Today's edition of quick hits.
Today's edition of quick hits:
 
* Minimum wage: "President Obama signed an executive order into action on Wednesday afternoon to raise the minimum wage for federal contract workers by 2015. The declaration mandates all federally contracted employees earn at least $10.10 per hour -- up from the current $7.25 -- beginning next year on Jan. 1."
 
* The Senate passed a clean, one-year debt-ceiling increase this afternoon, "after a high-drama cliffhanger that ended when Minority Leader Mitch McConnell, R-Ky., and Minority Whip John Cornyn, R-Texas, voted "aye" to end a filibuster." The vote on ending the Republican filibuster was 67 to 31; the vote on final passage was 55 to 43.
 
* The right's not happy: "Snared in a contentious primary fight, Sen.
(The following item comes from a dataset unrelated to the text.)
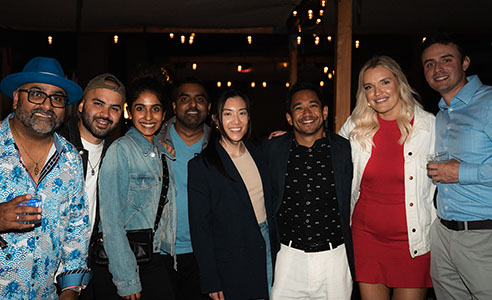 Group posing with Paresh Vadavia at PareshConnect during Rakuten Optimism 2024.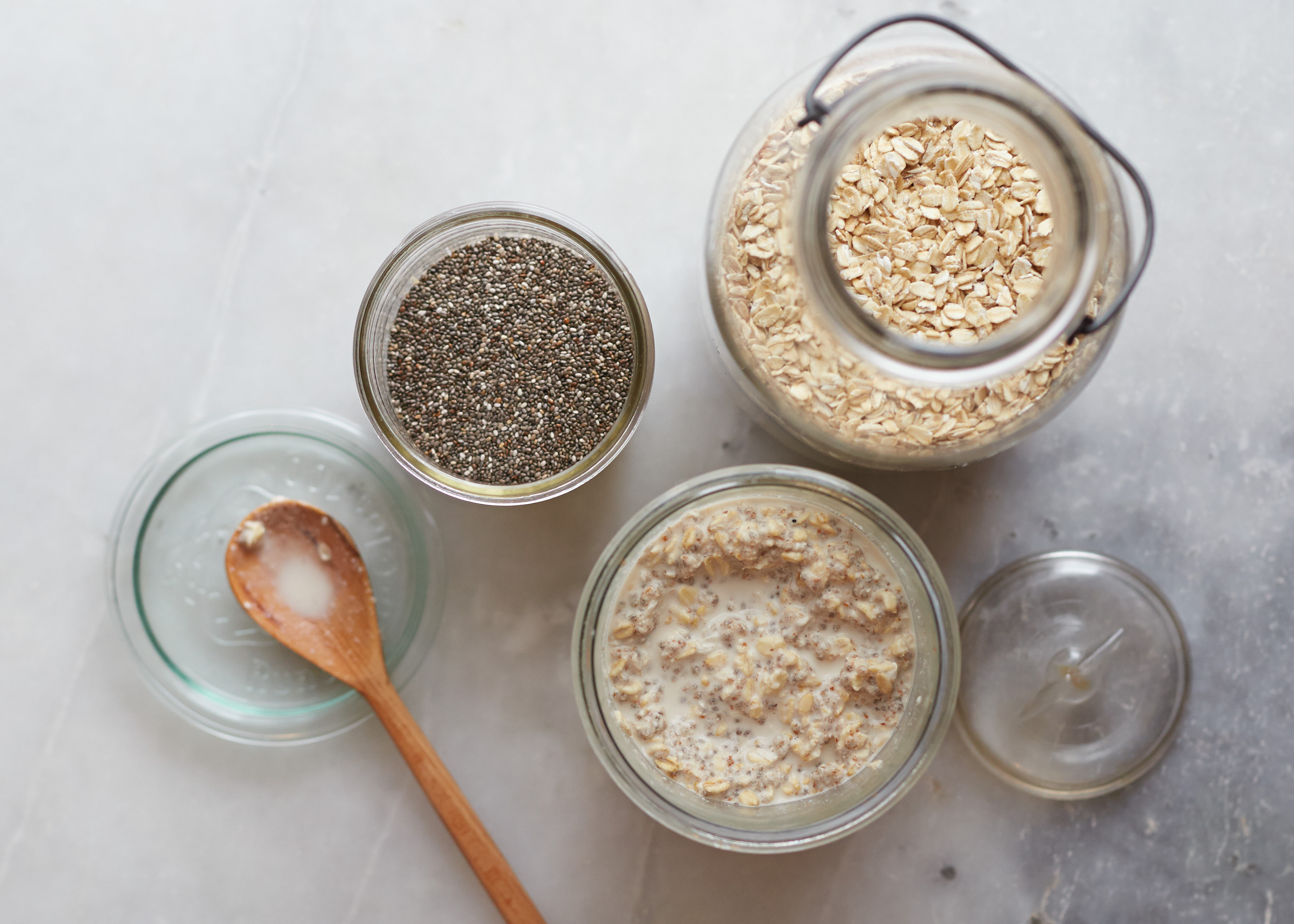 Rolled oats and chia seeds measured in small bowls next to a jar and spoon on a kitchen counter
Mitch McConnell (R-Ky.) voted on Wednesday to end debate on debt-limit legislation in a move that's already fueling criticism from conservatives."
 
* On a related note, this debt-ceiling fight was hardly the House Republicans' finest hour, but House Budget Committee Chairman Paul Ryan's (R-Wis.) judgment was especially difficult to understand or defend.
 
* Fast Track looks like it's in big trouble: "Progressives and liberal lawmakers who are working hard to block the massive free trade deal being negotiated by the Obama administration have just gotten a big boost from someone they'd been aggressively courting: Nancy Pelosi."
 
* Busted: "Former Mayor C. Ray Nagin of New Orleans was found guilty on Wednesday of accepting payoffs for city contracts, becoming the first mayor in the city's history to be charged and convicted of corruption."
 
* Military pensions: "The Senate on Wednesday sent legislation to President Obama's desk that would repeal the controversial $6 billion cut to military pensions. The Senate overwhelmingly approved the measure in a 95-3 vote, undoing the spending cut that Congress had approved two months prior in the December budget deal."
 
* Virginia: "In a rare move, Virginia's newly Democratic-controlled state Senate voted Tuesday to repeal the forced pre-abortion ultrasound law that drew national headlines (and ridicule) in 2012.... The bill is expected to die in the House of Delegates, which is still controlled by Republicans. But it was a sign that state Democrats are willing to expend political capital and energy on the issue."
 
* If only the conspiracy theorists would notice: "In a new report released on Tuesday, the House Armed Services Committee concludes that there was no way for the U.S. military to have responded in time to the 2012 terrorist attack in Benghazi, Libya to save the four Americans killed that night. In doing so, the report debunks entirely a right-wing myth that says the White House ordered the military not to intervene."
 
* Republicans in the Missouri legislature can get a little nutty: "Rep. Nick Marshall, R-Parkville, has filed articles of impeachment in the first step toward attempting to remove Gov. Jay Nixon from office. The resolution cites Nixon's executive order from November, which allows same-sex couples married in other states to file joint state taxes."
 
* "I probably shouldn't ask this" is one of those phrases that Limbaugh should take more seriously: "I probably shouldn't ask this, but if it's OK for a man who has sex with other men to be in a shower in an NFL locker room with other men, is it OK for a guy to be in a shower with women?"
 
Anything to add? Consider this an open thread.